Hans Rosling has been justly acclaimed for a couple of TED talks on global health in which he makes mesmerizing use of his (and now Google’s) GapMinder software, which he uses to tell compelling stories with data. The software is very cool, but what really makes the stories come to life is Rosling’s narrative. Data analysis, for him, is a performance art.
I’ve been thinking about this because I’ve been trying to investigate a perceived crime wave in my home town. You’d think it would be straightforward to get hold of the data but, after four months, I’m still trying. Meanwhile, however, I found some historical data at the Bureau of Justice, and I decided to see what I could make of that.
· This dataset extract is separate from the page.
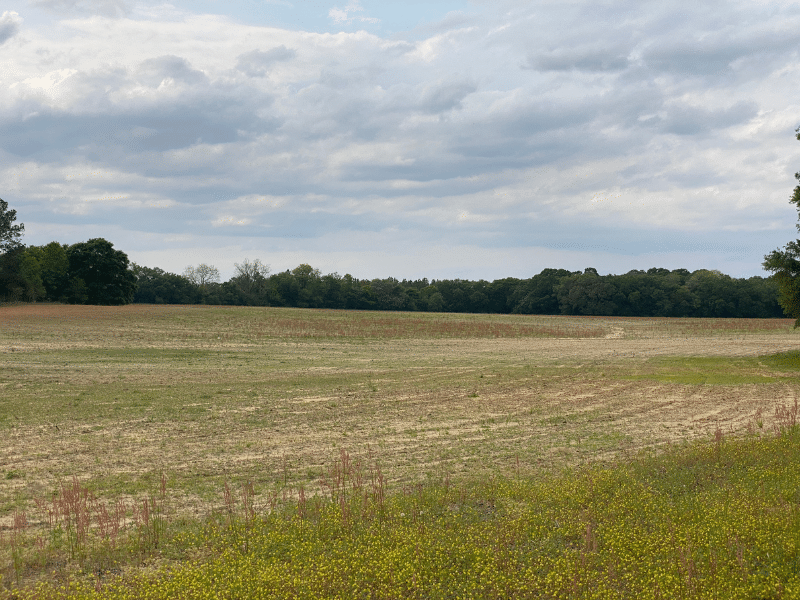 field with trees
The visualizations shown in today’s screencast were done with Many Eyes, which is another very cool piece of software. But what I realized while making them is that narrated animation is really the secret sauce. Analytical software, whether it’s Excel or GapMinder or Many Eyes or something else, is necessary but not sufficient. The stories that people will understand, and remember, are the ones that have been performed well.
Now I’m no Hans Rosling, and you certainly won’t see me swallow a sword at the end of this screencast — as he amazingly does at the end of this video. But I will be trying to emulate his example when I tell stories with data. And I’m struck, once again, by the way in which screencasting can bring software interaction to life.
The charts used in my screencast could have been made in Excel or in any other charting package. By making them in Many Eyes, I added the important new dimension of social analysis. So you can visit the data sets there, comment on the visualizations, and add your own visualizations. But data analysis as performance art goes beyond the snapshots produced by analytical tools. It lives in the interstitial spaces between the snapshots, traces a narrative arc, shows as it tells.